At the opposite extreme of the "normality" spectrum was Alessandro Michele with Valentino. And if, as often happens, the concept of the public bathroom as a theater of performative intimacy, a liminal space where memories of Lynch and Kubrick intersect, promised well – the river-like collection Michele presented indeed gave us the impression that time was stuck in a spiral. It has already been widely clarified by several online critics that even the most over-the-top pieces seen yesterday at the show were references to Valentino’s vast archive, and that Michele is not remaking Gucci. Nevertheless, does this awareness and every possible cultural insight manage to deny what is right in front of our eyes? The show notes signed by Michele spend a lot of breath on the meaning of the set of the show, suggesting that, it seems, the eighty looks, about which there was no mention, were just a mere pretext. It was perhaps a more measured collection for Michele, who, unlike in the past, stuck to upper-bourgeois codes without incongruously mixing “countess dresses” with fluorescent cycling shorts, sadomasochistic harnesses, running sneakers, and so on. The good was there: the collaboration with Vans was spot on, the bootcut pants were very à-la-page, and the combinations of fur and tailored trousers, both today and in the past, reflect well the contemporary style of many young people who wear the noble garments of the past alongside their casual wardrobe.

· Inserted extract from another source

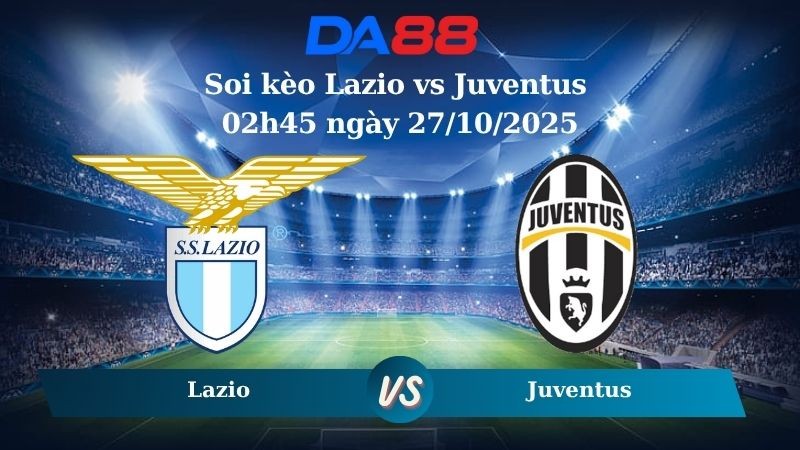 DA88 Nhận định soi kèo Lazio vs Juventus 02h45 ngày 27/10/2025 – Serie A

But even in light of individual valid products and looks (Michele is good at his job, he knows how to revitalize sales, and Valentino's team has always been a powerhouse), one cannot honestly say that this collection would have been different five or seven years ago, nor that the collection Michele will present to us a year or two from now will be.

Is this feeling of déjà-vu normal? Is it possible to create a sense of pure and simple wonder by evoking sophisms, philosophical reasoning, and borrowing concepts from art criticism? Why, when discussing many shows by veteran and often beloved designers, we find ourselves searching for ways to intellectualize something that no longer excites us that much and make it satisfying? More than post-modern designers, both Demna and Michele seem to be designers of post-truth, in the evaluation of whom personal beliefs, emotional appeals, and pre-formed images play a more important role than what we are actually seeing on the runway. This doesn't erase the impression of having already passed through this point, of having already found ourselves discussing the same things, looking at the same clothes, chasing further meanings because unfortunately the simple appearance of clothes has ceased to be commentary and decoration for itself and now needs explanations, clarifications, and excuses to make sense of what we see. The value of art and creativity is created when the creator in question is also the harshest critic of themselves and decides not to hypocritically ignore the judgments and advice coming from themselves and their audience but to do better, to surpass the past without repeating it. Hiding behind the lazy relativism of “beauty is in the eye of the beholder,” the fatalism of “but that's just the way he is as a designer” that ultimately destroys the meaning of it all, and behind the disappointing logic of “but it sells” might perhaps mean setting the bar of requirements too low. Times only repeat when we allow them to repeat, after all, both in history and in fashion.